It remains unclear what sorts of questions the F.B.I. was asking its informants in the Proud Boys.

The F.B.I. had as many as eight informants inside the far-right Proud Boys in the months surrounding the storming of the Capitol on Jan. 6, 2021, recent court papers indicate, raising questions about how much federal investigators were able to learn from them about the violent mob attack both before and after it took place.

The existence of the informants came to light over the past few days in a flurry of veiled court filings by defense lawyers for five members of the Proud Boys who are set to go on trial next month on seditious conspiracy charges connected to the Capitol attack.

In the papers, some of which were heavily redacted, the lawyers claimed that some of the information the confidential sources had provided to the government was favorable to their efforts to defend their clients against sedition charges and was improperly withheld by prosecutors until several days ago.

In a sealed filing quoted by the defense, prosecutors argued that hundreds of pages of documents related to the F.B.I. informants were neither “suppressed” by the government nor directly relevant to the case of the Proud Boys facing sedition charges: Enrique Tarrio, the group’s former leader; Joseph Biggs; Ethan Nordean; Zachary Rehl; and Dominic Pezzola.

Because all of the material remains under a highly restrictive protective order, it is not possible to know what the informants told the government about the Proud Boys’ role in the Capitol attack or how that information might affect the outcome of the trial.

A closed court hearing was held on Monday to discuss the informants in Federal District Court in Washington.
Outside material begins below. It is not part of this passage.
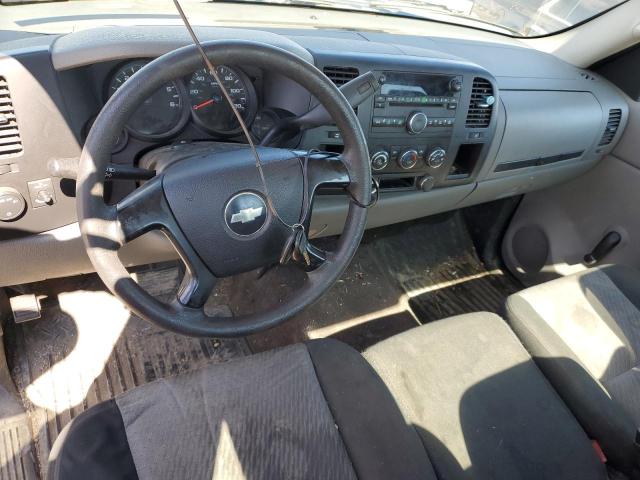 Photo 8 from auction – 2008 CHEVROLET SILVERADO with VIN 1GCEC14C38Z303000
Lawyers for the Proud Boys have asked Judge Timothy J. Kelly, who is overseeing the case, to dismiss the indictment — or at least delay the trial to give them more time to investigate the newly revealed informants.
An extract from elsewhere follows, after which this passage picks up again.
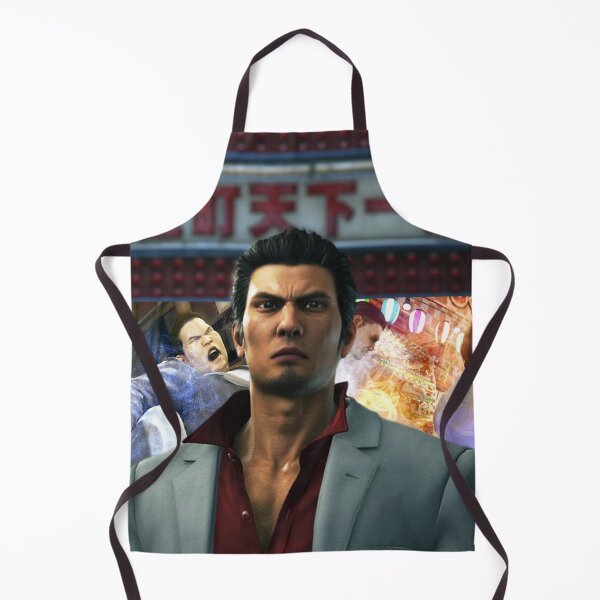 Item preview, Welcome to Kamurocho Kiryu Kazuma designed and sold by thehollowpoint.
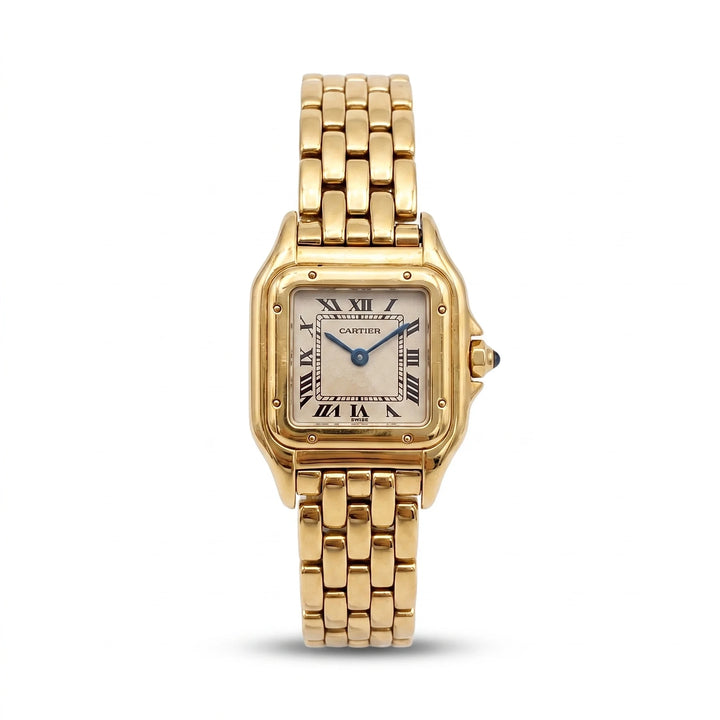 Montre Cartier panthère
Judge Kelly made no decision at the hearing, according to a notice placed on the docket after the proceeding ended. Because it was sealed, journalists were not allowed in the courtroom.

The dispute about the informants in the Proud Boys came on the heels of revelations that the F.B.I. also had a well-placed source in the inner circle of Stewart Rhodes, the leader of the Oath Keepers militia, another far-right group that took part in the Capitol attack.
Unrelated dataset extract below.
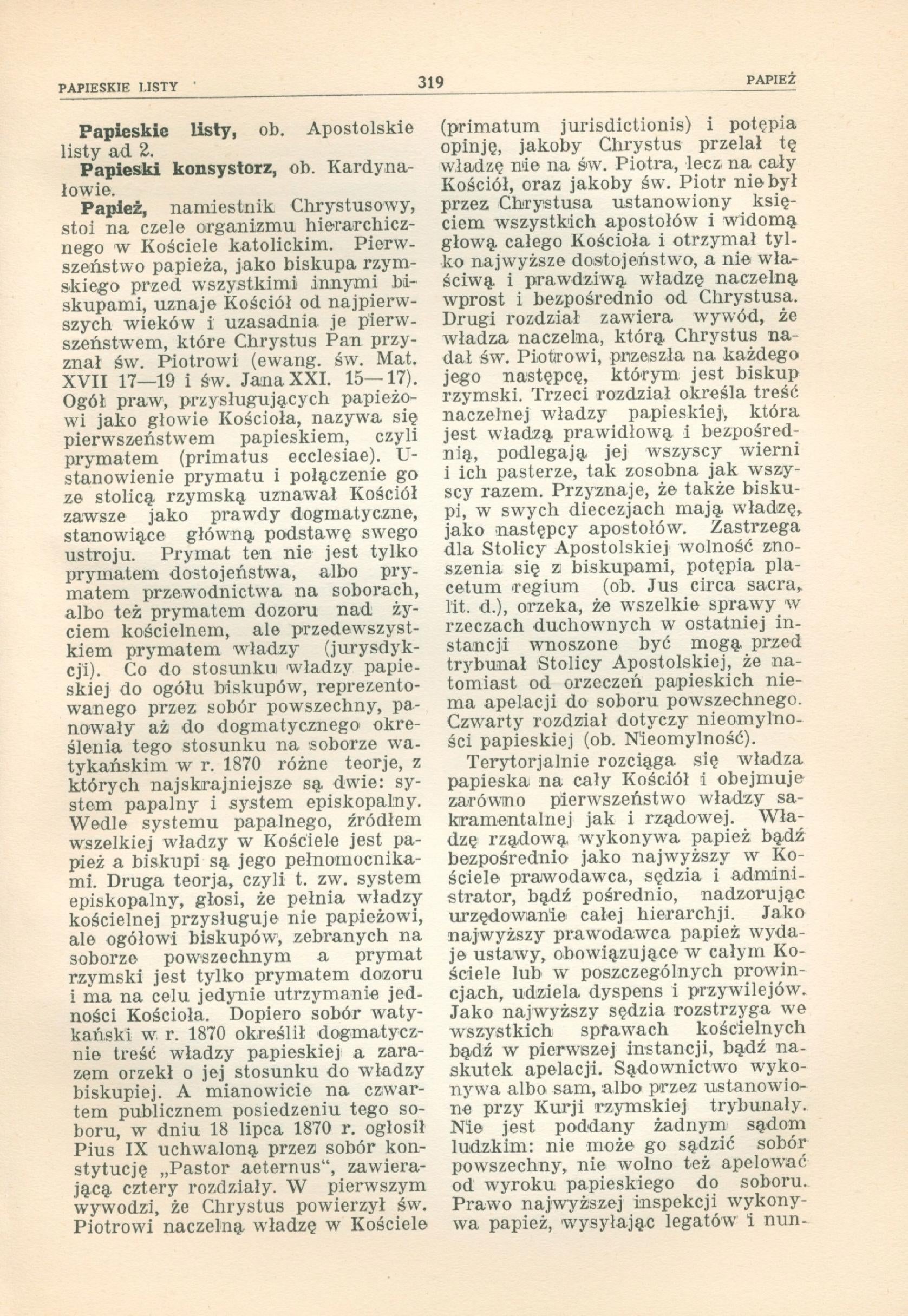 Piekarski Stanisław- Encyklopedja wierzeń [Warszawa ca 1930]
Last week, lawyers for Mr. Rhodes and four other Oath Keepers who are being tried on sedition charges planned to call the informant — Greg McWhirter, the group’s former vice president — as a defense witness, believing that his testimony would bolster their case. But on the eve of his planned appearance, Mr. McWhirter suffered a heart attack and the defense put other witnesses in his place.

Questions about informants reporting to the government from inside extremist groups have been raised repeatedly throughout the Justice Department’s sprawling investigation of the Capitol attack. They have included concerns about why the informants were not able to give the government advanced warning about plans to storm the Capitol on Jan. 6 or seemingly to corroborate accusations after the fact that the groups conspired in plotting the attack.

Former F.B.I. officials say there might have been gaps in what bureau intelligence analysts had told agents to ask their informants. Analysts at the bureau are supposed to help agents connect the intelligence dots to provide a clearer picture of threat activity. The F.B.I.’s intelligence directorate was created after Sept. 11 to help thwart terrorism and other threats.

It remains unclear what sorts of questions the F.B.I. was asking its informants in the Proud Boys and how focused the bureau was on the group’s activities to undermine the results of the elections as Jan. 6 drew near. Previous court papers have suggested that some Proud Boys — including Mr. Biggs — were recruited by the F.B.I. before the election to provide information about their adversaries in the leftist movement known as antifa.

Last year, The New York Times revealed the existence of an informant in the Kansas City chapter of the Proud Boys who took part in the storming of the Capitol with a group of his compatriots. After the attack, the informant told his handlers in interviews that he was not aware of a premeditated plan to break into the building on Jan. 6, although as a relatively low-level member of the group it is possible that he was simply not privy to the making of such plans.

Right-wing media figures and Republican politicians have often sought to use the issue of F.B.I. informants in extremist groups to suggest that the bureau had a hand in guiding or encouraging the attack on the Capitol in a way that entrapped other rioters. No evidence has surfaced suggesting that the F.B.I. played any role in the attack.

But the lawyers for the Proud Boys have made entirely different claims, arguing that the information the confidential sources provided to prosecutors appears to be exculpatory and could contradict the government’s chief allegation in the case: that their clients went to Washington on Jan. 6 with a plan in place to storm the Capitol and disrupt the transfer of power from President Donald J. Trump to Joseph R. Biden Jr.

The newly disclosed material called into question “whether a Proud Boy conspiracy plan to obstruct the Biden-Harris vote certification or to commit sedition ever existed or could have existed,” J. Daniel Hull, Mr. Biggs’s lawyer, wrote in papers filed on Monday.

The notion of whether there was a predetermined plan to attack the Capitol or whether the violence that erupted there on Jan. 6 was more spontaneous will be one of the key disputes when the Proud Boys’ trial — now scheduled to start on Dec. 12 — goes in front of a jury. To prove seditious conspiracy, prosecutors will have to show that the defendants knowingly entered into an agreement to use force to stop the lawful transfer of power after the 2020 election.

If the information provided by the informants is indeed exculpatory, the lawyers for the Proud Boys could in theory call some of them to testify at the trial and rebut the government’s charges.

A similar dynamic has been playing out in recent days in the Oath Keepers sedition trial, which could go to the jury as early as this week. A central part of the defense’s strategy in the case has been to introduce evidence that the Oath Keepers had no explicit plan to attack the Capitol.